13/03/11

Um dia na escola

Flash 13
Este quilómetro de distância que separa a escola da sua casa, ao Manuel, parece-lhe um caminho sem fim. Acaba de sair de casa quando se lembra que se esqueceu de fazer os trabalhos de casa. A noite vestiu as terras e as árvores com um manto branco de geada, que faz lembrar uma camada de neve, mas nem isso o faz sentir frio, pelo contrário, sente um calor esquisito percorrer-lhe o corpo que quase o faz transpirar. Falando com os seus botões, interroga-se o que deve fazer. "Será que devo ir à escola? "Pensa meter-se dentro de um palheiro que está ali próximo e ficar lá o resto do dia, mas para sua sorte ou para seu azar, está fechado à chave. Voltar para casa, é uma hipótese que está fora de questão, porque os pais não vão gostar de nenhuma justificação que ele apresente para faltar à escola. “Pode ser que o senhor professor se esqueça de perguntar pelos trabalhos de casa…” Sente-se melhor com este pensamento e dirige-se para a escola.
Grande azar tem o Manuel. As primeiras palavras que o professor Alfredo dirige à turma, são as seguintes: “Meninos é favor entregarem os trabalhos de casa.” Ah quanto o Manuel gostaria de ter a capacidade de se tornar invisível, ou de se poder evaporar neste momento. Todos os meninos se levantam para entregar os trabalhos ao professor. Todos, excepto o Manuel que, cabisbaixo, pálido e quase a chorar, permanece sentado na sua carteira. “Manuel, onde estão os teus trabalhos de casa?” Pergunta o professor. “Esqueci-me.” Responde o miúdo. “Então chega aqui.” Ordena o professor. O Manuel sabe o que o espera. A régua de madeira com cerca de dois centímetros de espessura e já escura nas pontas de tantas vezes ter batido nos alunos, vai cair nas suas mãos duas ou três vezes com toda a força que o professor Alfredo lhe pode imprimir e ele vai ficar com as elas inchadas e dormentes como já noutras ocasiões aconteceu. Vai sentir como que o mundo inteiro a cair-lhe em cima. Por isso, quando a régua na sua trajectória, se aproxima da sua mão, instintivamente a retira, fazendo com que o professor Alfredo cambaleie e quase caia para a frente.
Mas o que é que o Manuel fez?... Nunca ninguém viu o professor Alfredo desta maneira. Os seus olhos parecem faiscar de raiva e dos cantos da sua boca, brotam pequenas bolhas de espuma que fazem lembrar um touro ferido em plena arena. O Manuel foge para onde pode, para o fundo da sala. O professor Alfredo, primeiro atira-lhe com a esponja de apagar o quadro, depois corre atrás dele ao mesmo tempo que tira o cinto das calças. Tem que saltar por cima das carteiras para o conseguir agarrar.

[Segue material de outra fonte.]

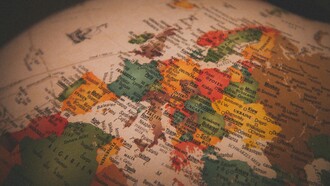 Quando gli europei parlano di Occidente non indicano solo un’area geografica, ma una civiltà che ha modellato il nostro modo di pensare, di credere e di organizzare la società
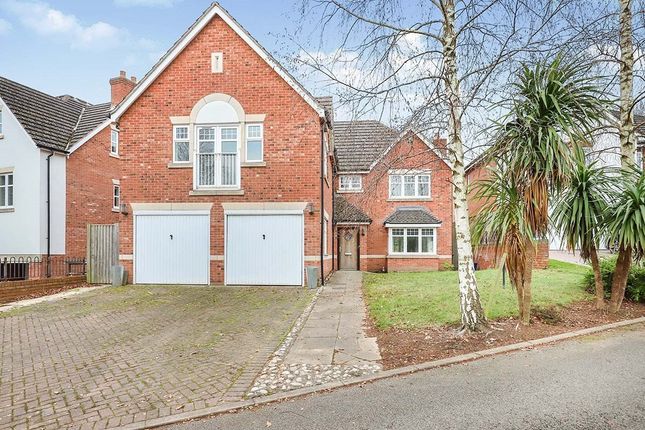 Houses for Sale in The Water Gardens, Wolverhampton WV4 - Buy Houses in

Nas mãos do professor Alfredo, o Manuel é um verdadeiro saco de boxe. O cinto uiva no ar e acaba num “chlap” estrondoso no corpo do Manuel. Ouve-se o som das bofetadas na sua cara e o seu choro reprimido: “Não me bata mais senhor professor.”
O professor Alfredo só se dá por satisfeito quando se apercebe que da boca do Manuel sai sangue. Acaba de lhe partir dois ou três dentes.
Finda esta cena bárbara, o professor Alfredo ordena a três ou quatro miúdos que acompanhem o Manuel à fonte lavar a boca e a cara.
Regressados à escola, a aula recomeça como se nada tivesse acontecido.